Anehnya setelah bangun karena disiram air anak bungsunya, ketakutannya tidak reda. Setiap ada orang yang mendekat, beliau berteriak-teriak minta ampun. Kadang sampai menyembah-nyembah sambil membungkuk. Mohon maaf telah mengambil batu bata di bekas rumah milik Pak Soekidjo.

Lelaki berkumis tebal yang baru dipindah tugaskan dari polsek Keras ke Polsek Kepung itu lantas mendekati Pak Samiran yang masih jongkok di pojok ruang tamu. Tiba-tiba Pak Samiran bangkit dari jongkoknya, lari ke arah Pak Soekidjo. Pensiunan itu menjatuhkan diri dan memeluk kaki tamunya.

"Ampuuun pak Kidjo, ampuuun. Saya tidak akan mengambil batu bata lagi. Hentikan anak buah bapak memukuli saya. Ampuuunnn." Erangnya.
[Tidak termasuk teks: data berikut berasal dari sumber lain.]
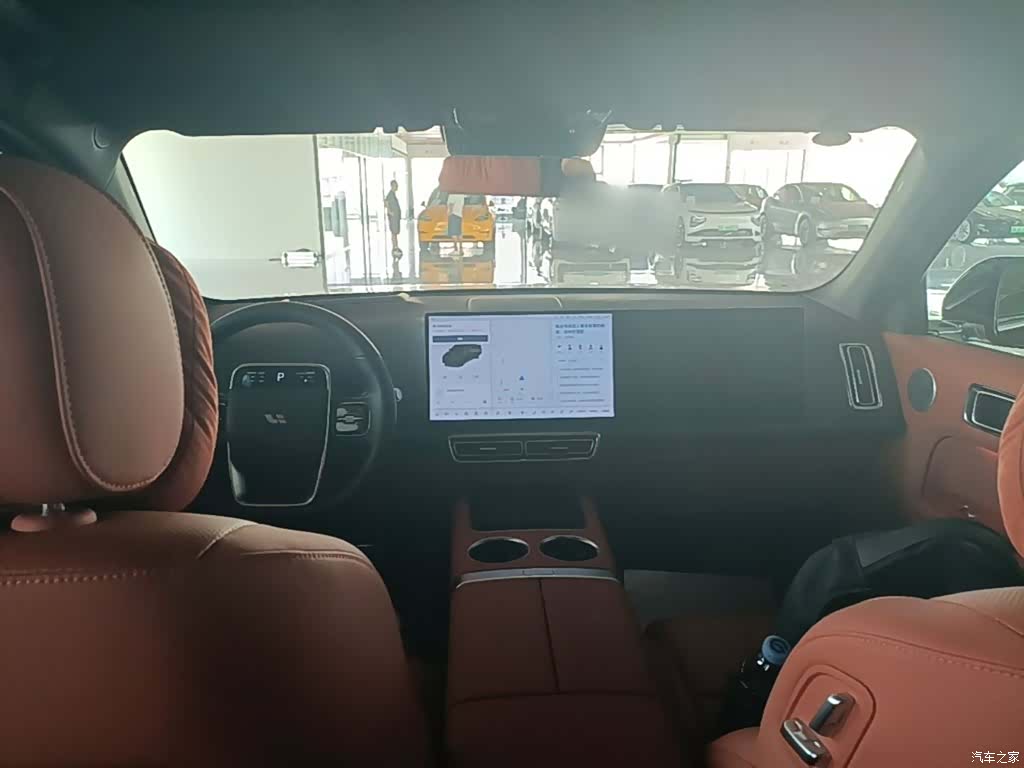 Li Auto L7, 2025 10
"Bapak dipukuli anak buah saya ? Bapak ingat wajah orangnya ? Tolong katakan !" Tanya Pak Soekidjo.

"Aku ingat pak. Wajahnya hitam, bersumping telinga, telanjang dada, bercelana selutut dan berkain poleng."

Pak Soekidjo barulah sadar, siapa gerangan yang disampaikan Pak Samiran. Orang-orang yang memukuli bekas tetangganya itu bukan manusia, namun makluk jadian yang dipuja dari dua buah wayang sebagai tumbal. 
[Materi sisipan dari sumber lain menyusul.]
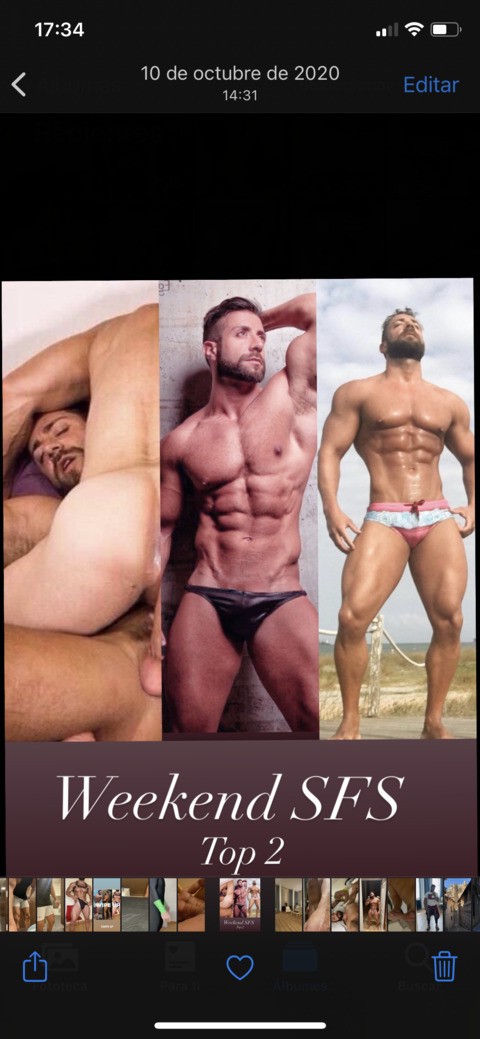 male_fitness onlyfans leaked picture 2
Ia ingat pernah memasang tumbal di rumahnya, ia pendam dilantai tepat di tengah rumah. Sengaja ia pilih tokoh yang menjadi idolanya, dua orang kesatria penegak keadilan. Antasena dan Kakrasana.

Saat pindah rumah dirinya lupa melepas keramat tumbal di bekas rumah itu. Akibatnya membuat celaka Pak Samiran, karena mengambil batu bekas pondasi ia harus menanggung resiko, dihajar makluk jadian penjilmaan tumbalnya.

"Beri aku sebatang rokok." Kata Pak Soekidjo. Karena tergesa-gesa ia lupa bawa rokok kegemarannya. Rokok cap Alang-alang.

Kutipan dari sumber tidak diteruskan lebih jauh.